Yvon Perreau
Yvon Perreau
Yvon un ami de la grande famille Marche
En 1979, STRASBOURG-PARIS, passe EPERNAY, puis direction ORBAIS L’ABBAYE, MONTMIRAIL via VINAY.
Dans VINAY, un homme encourage avec véhémence le marcheur local Jean-Claude GOUVENAUX. C’était Yvon PERREAU.

Quinze jours plus tard, ami avec un dirigeant, Yvon se présente à une réunion du Club des Marcheurs d’Epernay pour entrer dans l’association. Il sort son carnet de chèque pour adhérer.
Voilà donc l’entrée d’Yvon dans le monde de la marche. Et dès ce moment il fut disponible à tous les instants, que ce soit pour trouver un véhicule pour emmener quelqu’un sur un circuit, aider à organiser sur les épreuves que le club mettait en place, etc.
Il promena son visage jovial et sa bonne humeur sur les circuits, avec Marinette. Sa sympathie lui a permis de tisser des liens d’amitié parmi les marcheurs et les plus fidèles spectateurs ou supporters. Il était ce que nous nommons
un PERSONNAGE.

Il n’hésitait pas à mettre la main à la poche pour aider "ses marcheurs de club". D’aller les supporter où qu’ils aillent. A donner de la voix quand les choses allaient moins bien.
Il était fier de précéder et présenter les marcheurs dans sa voiture blanche. Qui n’a pas entendu sur les routes de Paris à Colmar ses encouragements sur la sono qu’il installait chaque année.

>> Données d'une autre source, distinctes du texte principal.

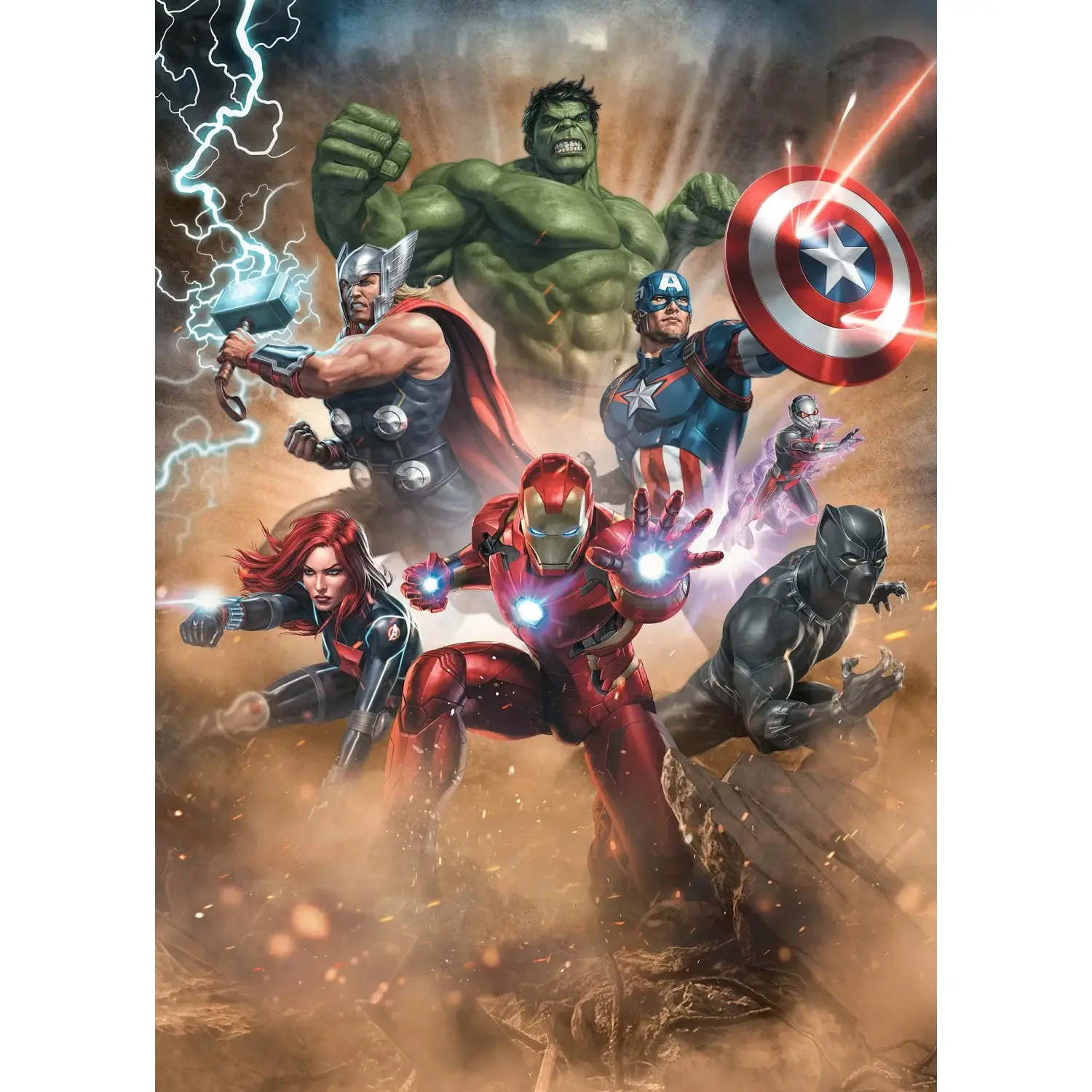 Komar Vliesová fototapeta Avengers Superpower 200 x 280 cm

Il dépannait même lorsque la sono faisait défaillance sur un camping car, venait à la hauteur du marcheur vers Ingersheim, et lui demandait s’il entendait bien la musique.
Il amenait Marinette du côté de Saulchery pour présenter un café/croissant à ses chouchous. Quand un manque subsistait dans le camping de son marcheur, c’était le premier à foncer pour combler ce manque.
Il participait activement au contrôle de Demanges aux Eaux.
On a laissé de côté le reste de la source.